Better known by her stage name M.I.A. (both a play on her name and abbreviation for Missing in Action), is an English singer-songwriter, rapper, record producer, painter and director of Sri Lankan Tamil descent.

Her compositions combine elements of hip hop, electronica, dance, alternative and world music. M.I.A. began her career in 2000 as a visual artist, filmmaker and designer in West London before recording music in 2002. Since rising to prominence in early 2004 for her singles “Sunshowers” and “Galang”, charting in the UK and Canada and reaching number eleven on the Billboard Hot Dance Singles Sales in the United States, she has been nominated for an Academy Award, two Grammy Awards and Mercury Prize.

A photograph and text about Slick Rick.

The text reads: Slick Rick, born Ricky Walters in Mitcham (1965), is the most successful British-American rapper in music history.

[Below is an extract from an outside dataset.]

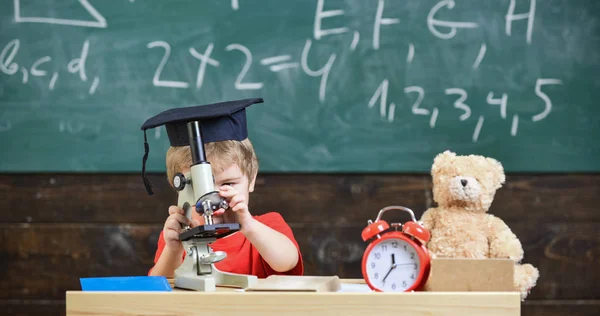 Kid boy i akademiska cap arbete med mikroskopet i klassrummet, svarta tavlan på bakgrund. Barn på upptagen ansikte nära mikroskopet. Smart unge koncept. Första f.d. intresserad av att studera, lärande, utbildning — Stockfoto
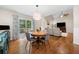 Open dining area with hardwood floors and access to an outdoor deck that is great for entertaining at 164 Stoneforest Dr, Woodstock, GA 30189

After moving from England to the States at Age 12, Rick gravitated toward the makeshift music of the streets. He struck up a friendship with fellow visionary Doug E Fresh, and in the summer of 1985, the duo released their historic single, “The Show and La Di Da Di”. Fresh’s beatbox and Rick’s smooth lyrical delivery turned rap music on its head. Before long, Rick would establish himself as one of the architects of hip-hop.

His career in full swing, Rick moved to New York City, where he signed with Russell Simmons and Def Jam Records. In 1988, he released his first solo album, The Great Adventures of Slick Rick. It hit No.1 on Billboard’s R&B/Hip-Hop charts and was one of the first hip-hop records to go platinum.

External photograph of the building – main entrance.